Oficer Davis położył walizkę na stole w salonie, po czym ją otworzył. W niej obok worków z nogami znajdowały się też przedmioty do badania. Pomieszczenie to było utrzymanie w wiśniowej kolorystyce, dominowała prostota wykonania. Federalny złapał się za głowę i zgiął w pasie.
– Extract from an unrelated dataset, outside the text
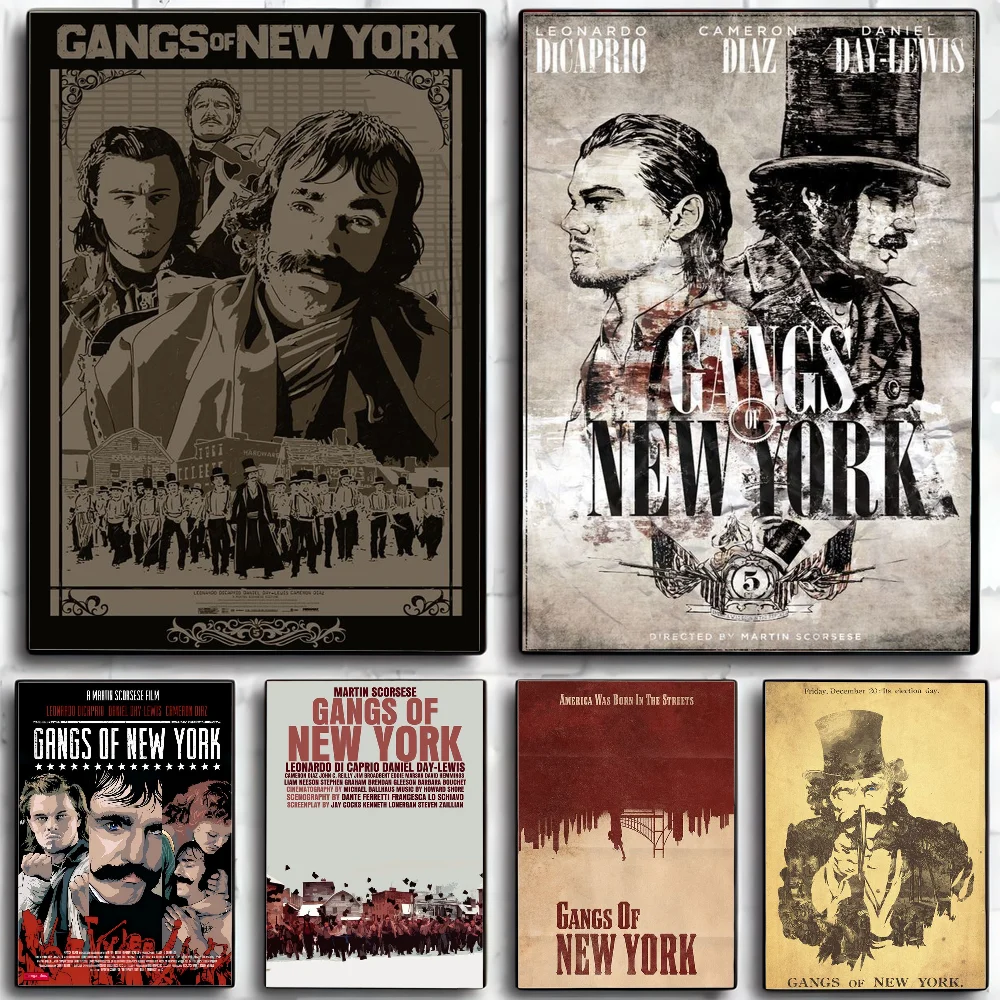 Classic Crime Movie Gangs Of New York Leonardo Poster Wall Art Home Decor Room Decor Digital Painting Living Room Restaurant Kit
Przez kilka minut głęboko oddychał.
- Coś nie tak? – Spytał Cole.
- Nie chciałem takich komplikacji. Davis, wezwij techników z Miami, dobrze? – Rzucił okiem na zegarek, po czym stwierdził, że pora na lunch. Wsiedli do radiowozu, którym przyjechali ze wschodu.
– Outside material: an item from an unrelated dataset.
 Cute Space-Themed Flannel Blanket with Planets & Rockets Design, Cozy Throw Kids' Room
- Macie tu coś do żarcia? – Spytał Gavin przekręcając kluczyk w stacyjce, a silnik zabrzęczał.
- Podjedź do miasta, są dwa miejsca. Oba mają tego samego właściciela. W Motelu Marina każdy znajdzie coś dla siebie. Podróż trwała zaledwie kilka minut. Najszybciej do stolika dostarczono kawę.

Federalny wziął pierwszy, głęboki łyk, po czym odetchnął. Adam i Georg siedzieli samotnie przy stoliku, gdyż Jeff musiał zadzwonić do Miami. W niewielkim pomieszczeniu rozległ się dźwięk dzwonka przy drzwiach. Wszedł oficer Davis, szepnął coś do krótkofalówki, najpewniej status, który oznaczał, że tymczasowo zawiesza służbę. Gavin'a to dziwiło, gdyż teraz podlegał pod agenta FBI, więc teoretycznie, jak i praktycznie nie musiał wykonywać takich czynności.
- Cole? Nie chcesz z nami cały czas siedzieć, prawda? – Milczenie postanowił przerwać Georg.
- Dlaczego nie? – Zapytał zaskoczony szeryf. Zdziwiło to tajniaka, przecież ten człowiek miał na głowie cały komisariat policji, a wolał zajmować się sprawą ze służb specjalnych.
- Masz tutaj tyle na głowie. Nie chcę cię odsuwać od sprawy, bo pracuje mi się z tobą bardzo dobrze, jednak wolałbym mieć tutaj lepiej zorganizowany korpus policyjny. Przydziel mi ludzi, żeby pilnowali terenu, a my się zajmiemy resztą, dobrze?